Sur la situation en Afghanistan, dont vous n’êtes bien évidemment pas le premier responsable, monsieur le ministre d’État, le constat tient en trois mots : échec, confusion, désordre. Tous les six mois, un changement de stratégie est annoncé. Cela revient à dire qu’il n’y a pas de stratégie !
Je rappelle que MM. Kouchner et Morin, exfiltrés depuis du Gouvernement, avaient déclaré que « la nouvelle stratégie concertée de la communauté internationale avait été décidée à Londres, le 28 janvier 2010 ». Et avant Londres, c’était Bucarest, en avril 2008 : il s’agissait alors de gagner les cœurs et les esprits, d’amener le peuple afghan à faire cause commune avec la force internationale et à rejeter les talibans…
Qu’est-ce alors que cette « nouvelle nouvelle » stratégie concoctée à Lisbonne ? Mon sentiment, monsieur le ministre d’État, est qu’il s’agit d’une stratégie de communication, un point c’est tout !
Ces stratèges-là sont aussi perdus aujourd’hui qu’il y a quelques mois : ils s’enfoncent dans le bourbier et ils ne trouvent pas la sortie.
Hier encore, on refusait à grands cris de parler d’un calendrier de retrait, et de grands spécialistes m’expliquaient qu’il ne fallait pas donner de l’espoir et des informations aux talibans, que c’était criminel ! Alors, pourquoi annoncer ce calendrier aujourd’hui ? Qu’est-ce qui a changé sur le terrain ?
Je vais vous le dire : rien n’a changé sur place ! En revanche, à Washington, à Londres et à Berlin, on constate la prise en compte d’une réalité : l’OTAN n’en mène pas large, et les États-Unis conduisent leur barque en fonction de leurs intérêts politiques supérieurs. L’OTAN suivra, et les Européens aussi !

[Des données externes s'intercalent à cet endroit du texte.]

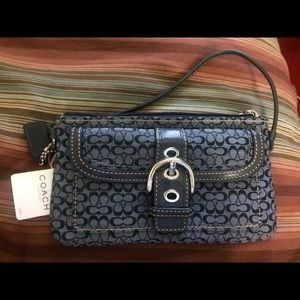 Authentic blue signature Coach wristlet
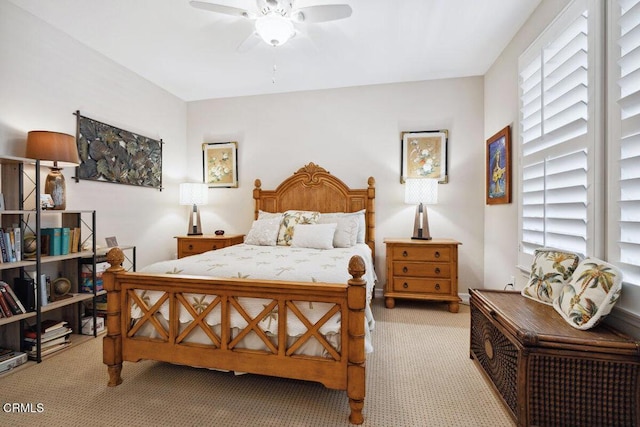 bedroom with multiple windows, a ceiling fan, and carpet floors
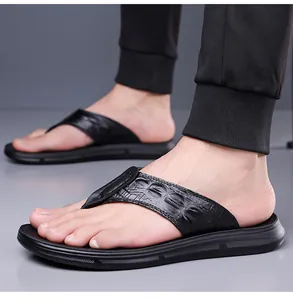 Close-up of black leather flip-flops for men with realistic crocodile texture on straps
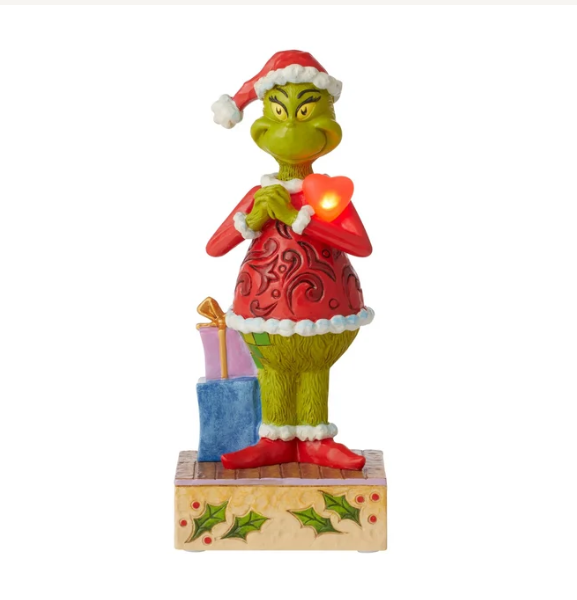 Grinch figurine dressed as Santa with a glowing red heart, standing on a decorated base with wrapped gifts against a white background.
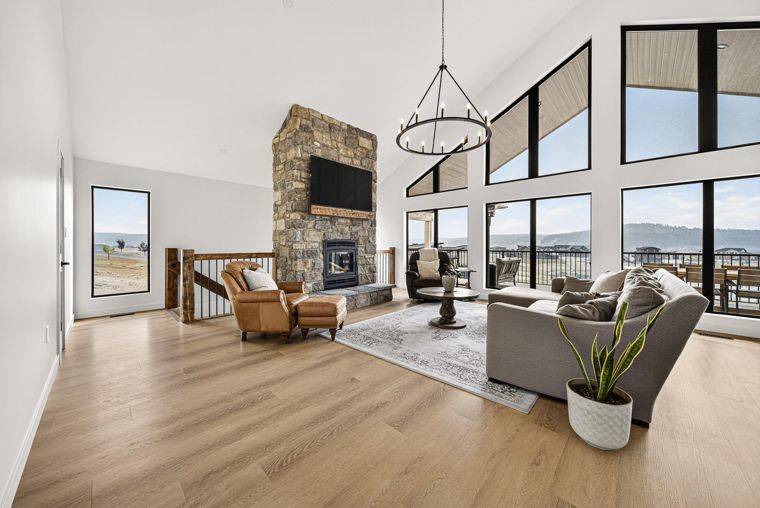 Living room with tall lake-facing windows at 1731 Marina Estates Road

Les États-Unis avaient déjà annoncé qu’ils entameraient leur retrait en 2011. Les Pays-Bas et le Canada annoncent également leur départ cette même année. L’Allemagne reconsidère périodiquement – devant son Parlement, elle – son engagement militaire et fixe le début du retrait à 2012. En Grande-Bretagne, l’échéance semble fixée à la fin de 2014.

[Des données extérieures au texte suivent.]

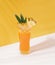 Iced pineapple punch cocktail in glass on orange background. summer drink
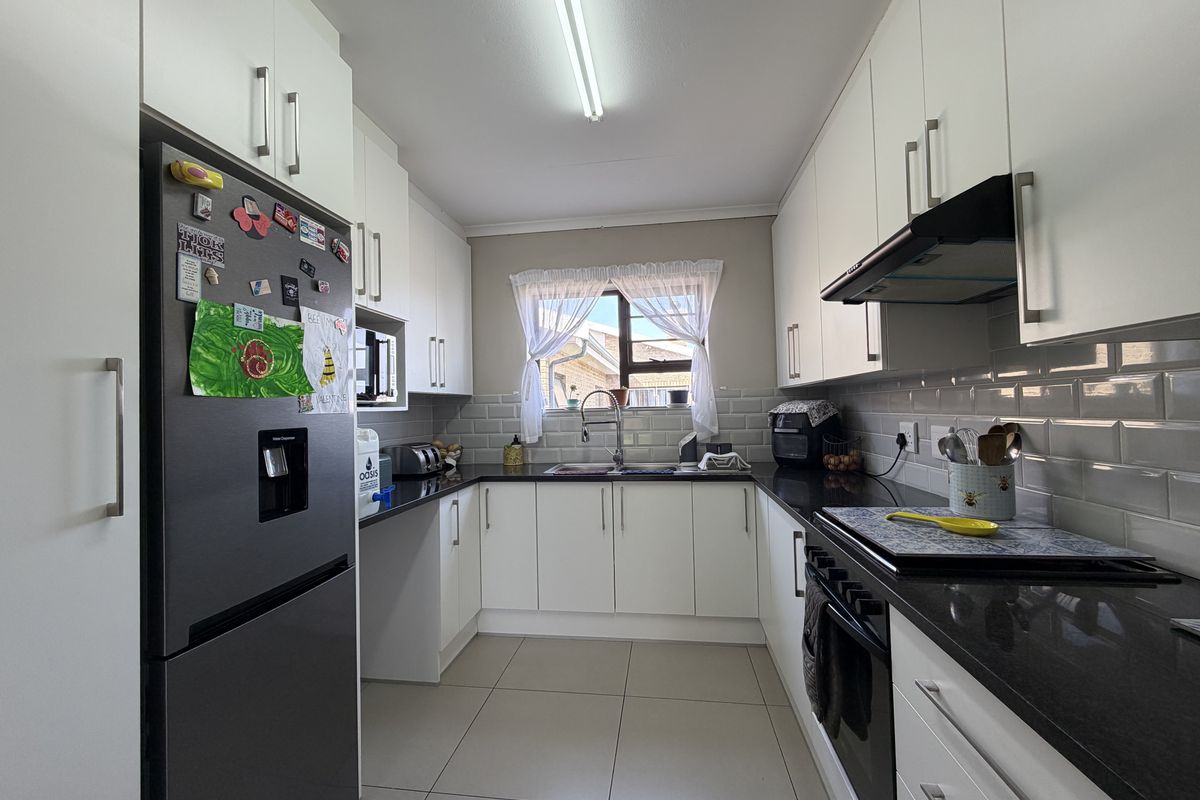 A well-maintained kitchen featuring white cabinetry, dark granite countertops, subway tile backsplash, and integrated appliances including an oven and extractor fan.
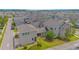 Aerial view showcases the property's layout with a view of the rear and side yards, as well as neighborhood streets at 7831 Dausset St, Orlando, FL 32827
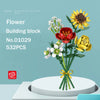 A bouquet of colorful flowers, including red, yellow, and white blooms, is displayed on a white circular base.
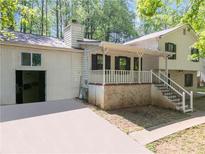 Charming home featuring a covered porch, a driveway and a neutral exterior paint at 488 Russell Rd, Lawrenceville, GA 30043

Chez nous, votre prédécesseur avait fait la déclaration suivante : « En 2011, nous allons transférer toute une série de districts aux Afghans. À ce moment-là, il pourra y avoir les premiers déplacements ou retraits des forces alliées d’Afghanistan… » Qui faut-il croire ? La confusion est à l’œuvre !

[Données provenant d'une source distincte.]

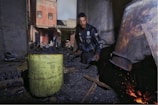 A man wearing a dark jacket works near a large metal container that appears to be used for heating or burning, evident from the glowing embers and scattered sparks. The scene is set in an outdoor workshop area with weathered walls and scattered building materials. A rusty yellow barrel is prominently placed to the side, and in the background, the facade of an old building and some parked motorcycles are visible.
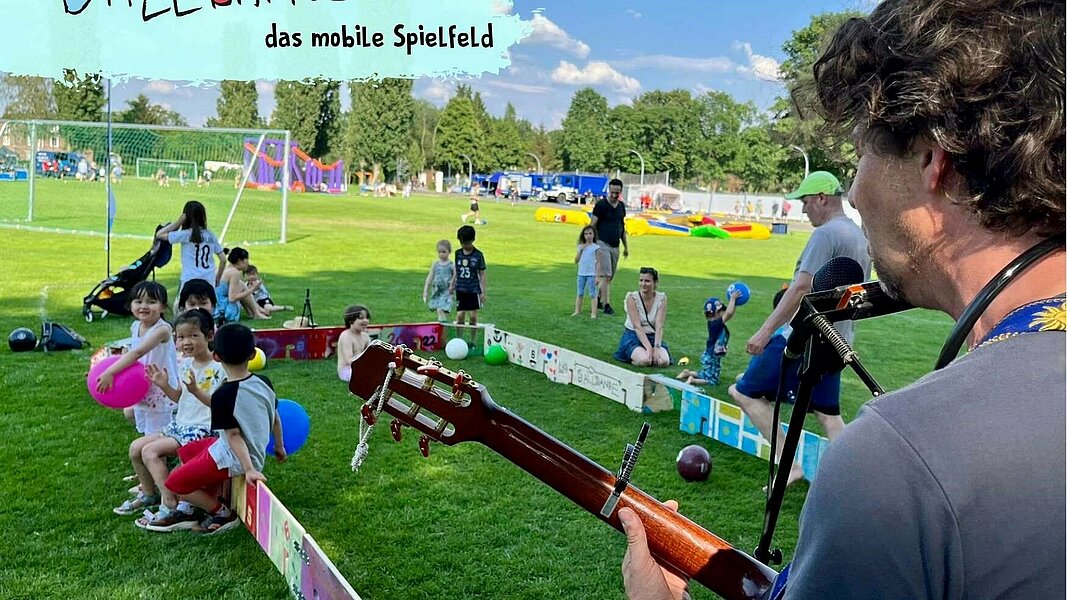 Mann spielt im Vordergrund Gitarre, Kinder spielen im Hintergrund mit der Ballbande und Bällen.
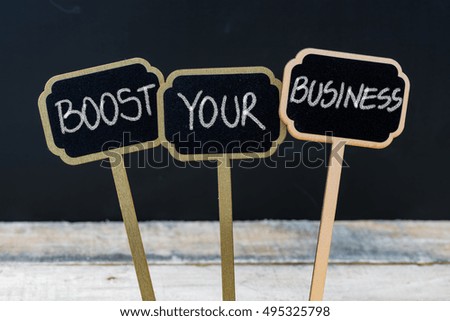 BOOST YOUR BUSINESS message written with chalk on wooden mini blackboard labels, defocused chalkboard and wood table in background
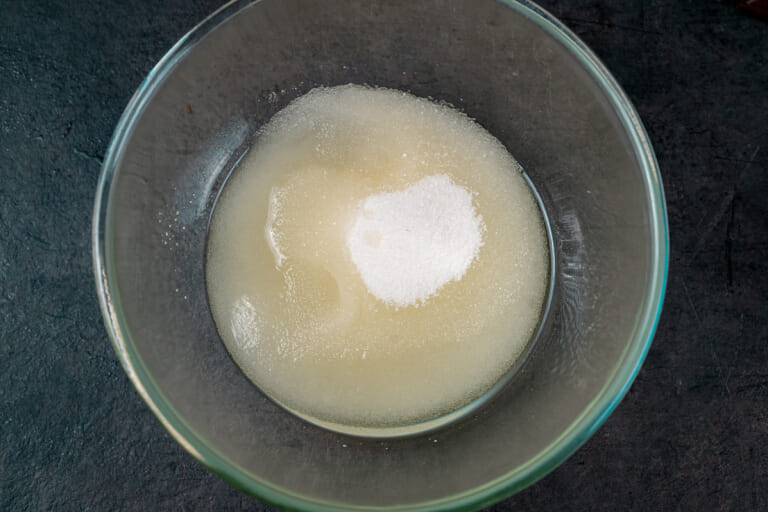Sugar, vegetable oil, and vanilla extract mixed in a large bowl Sugar, vegetable oil, and vanilla extract mixed in a large bowl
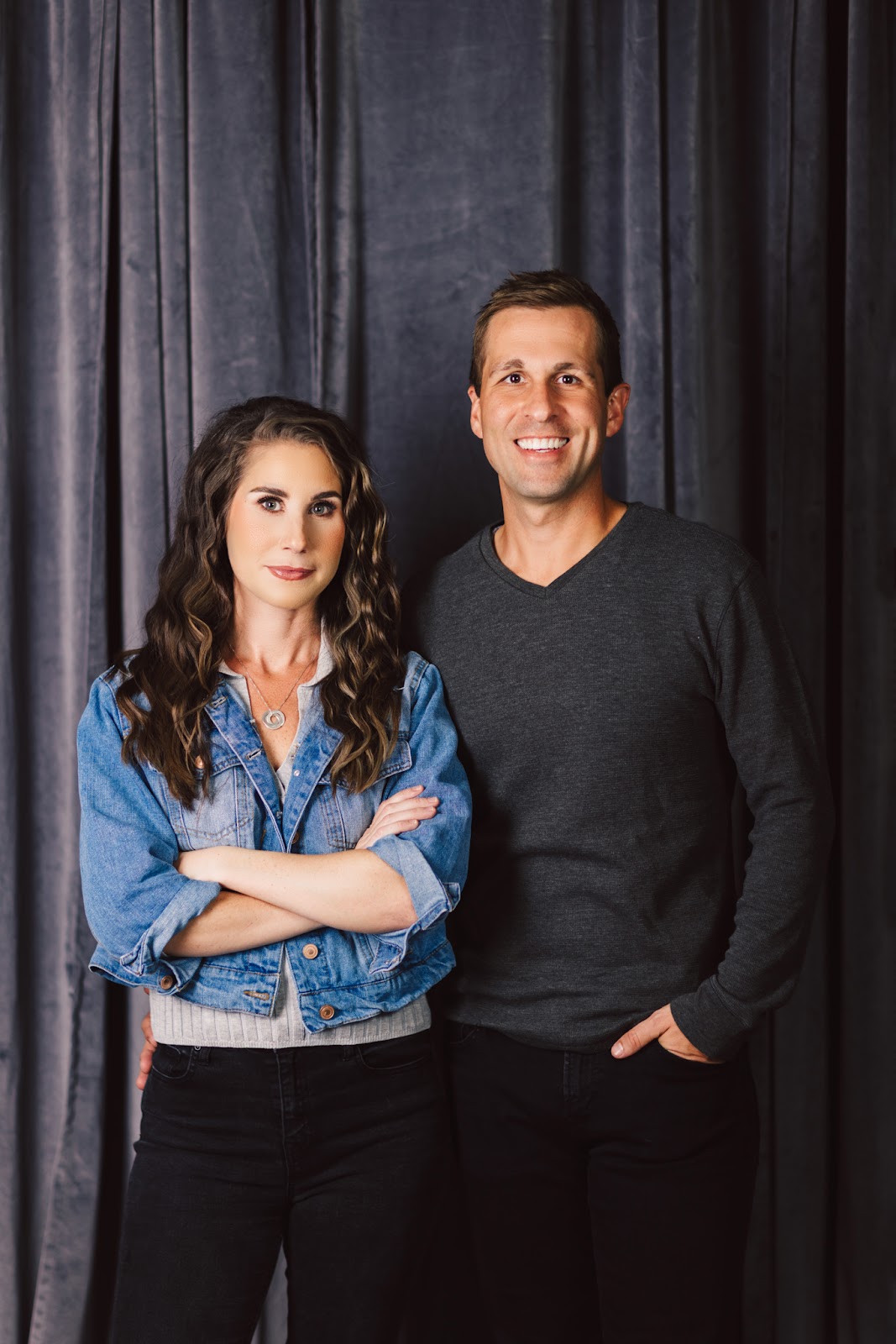 Portrait of couple with fabric backdrop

À Lisbonne, il a été question de « transfert de la responsabilité » aux forces afghanes, ce qui ne signifie pas retrait des troupes ! La sécurité sera cogérée, district par district, par les forces coalisées et les forces afghanes. Dans le meilleur des cas, il y aura plus tard transfert intégral de la responsabilité à l’armée afghane : cela, c’est la théorie.
En réalité, l’engagement risque de se prolonger indéfiniment. On voit mal émerger d’ici à trois ans un État afghan doté de structures suffisantes pour assurer sa propre sécurité, s’appuyant sur un pays pacifié et des populations réconciliées. Nous sommes venus, nous avons vu, nous n’avons pas vaincu…
Je m’interroge : si, à partir de 2011, les forces de l’OTAN réorientent leur mission vers la formation des forces afghanes, quelles forces poursuivront les actions militaires les plus dures dans les districts et les régions non sécurisés ? Les forces américaines seules ? Formation des forces afghanes ou pas, nos soldats seront impliqués dans les combats. Faudra-t-il alors renforcer notre présence ? Étant donné le budget de la défense, l’état de nos finances et l’état de nos forces, pourrons-nous, en toute sécurité et avec les moyens adéquats, augmenter encore le nombre de nos soldats sur place ?
Si l’on en croit les annonces ayant suivi le sommet de Lisbonne, il y a maintenant une stratégie, avec une perspective de sortie du conflit. Cette stratégie, nous la réclamions depuis longtemps ; est-elle adaptée à la situation ?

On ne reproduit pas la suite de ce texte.